A service network is a collection of pooled resources brought together by individuals and companies to achieve a common goal and expand their reach. One example of a service network might be a website that compiles academic journals from the same field. This allows scholars to access all the journals that might interest them in one location, rather than forcing them to chase down different journal websites to keep up with the latest developments in their area of study. This service network would combine the resources of numerous journal publishers and editors.

Companies may set up networks when they prepare to collaborate on projects.
Companies may set up networks when they prepare to collaborate on projects.

This term usually refers to service networks on the Internet. A website set up on a service network model can act as a portal page for users so they do not need to seek services in multiple locations. Companies that participate in the network can access more customers and may achieve greater customer satisfaction rates, as consumers often want to be able to access basic information and meet their needs in one place.

The members of service network all contribute funds to support the infrastructure of the site and may also provide personnel who offer customer service, maintain the site, and develop new features and services. Service networks can cover topics like professional development, entertainment, and bill payment. A bank, for example, might work with utilities to set up a service network allowing customers to pay their utility bills at a single website. Their bank information will remain secure, and they can schedule payments, keep track of bills, and perform other tasks all in one place.

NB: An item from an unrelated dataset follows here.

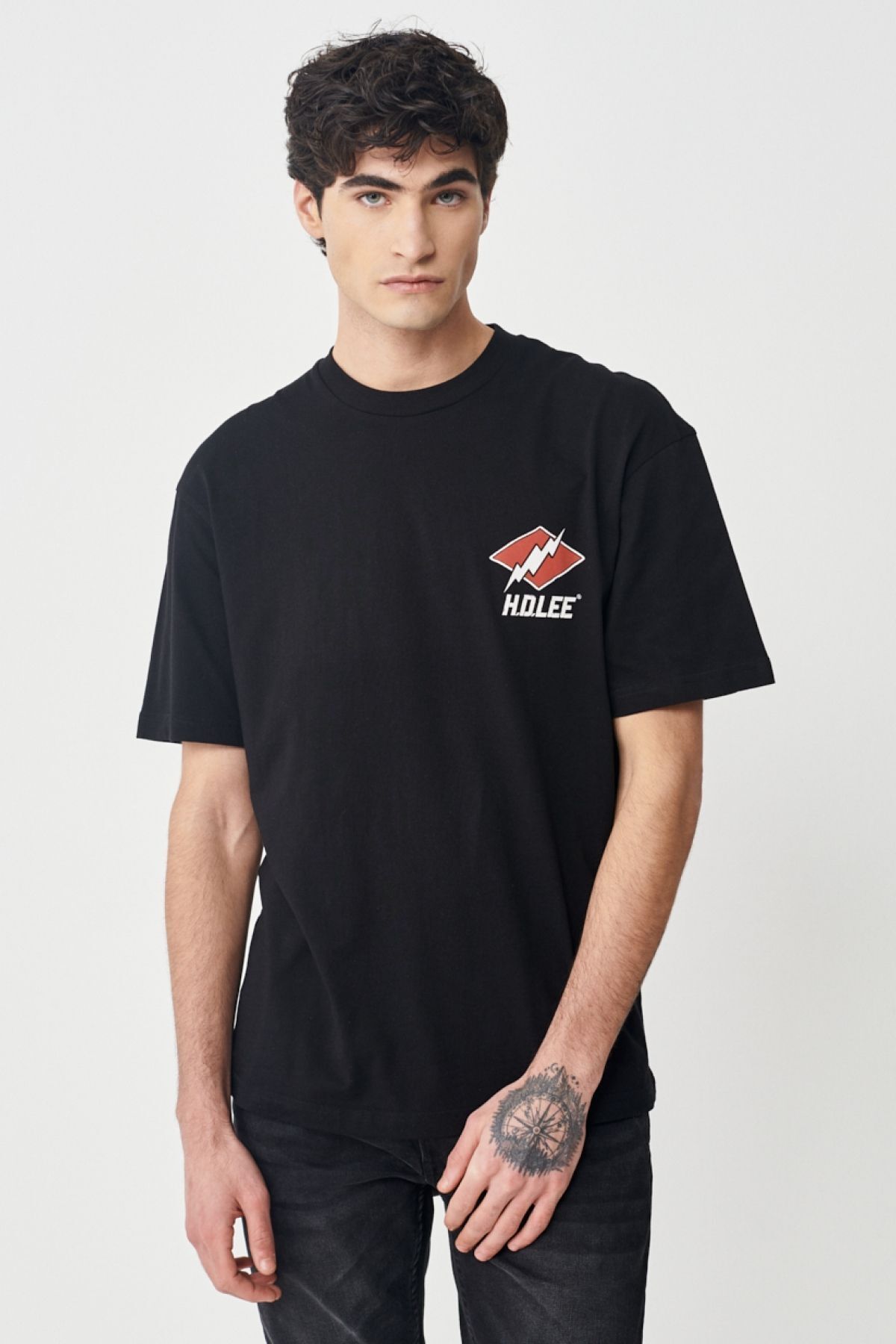 تی شرت سیاه مردانه لباس مناسب و راحت 100 ٪ یقه دوچرخه پنبه ای T SHIRT Lee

In addition to being open to members of the public, a service network can also be private in nature. Companies may set up networks when they prepare to collaborate on projects. All of the project members will have access to the information they need, while the companies can keep proprietary information secure on their own internal networks. This facilitates information exchange and cooperation while protecting the financial interests of the companies involved.

Service networks can require substantial resources. They may house a lot of data and often require encryption capability to protect passwords and confidential information. They can contribute savings to individual members, who can use these savings to finance their part of the service network. Once the site is up and running, the level of maintenance necessary depends on the services it provides and the level of control individual users may have over content.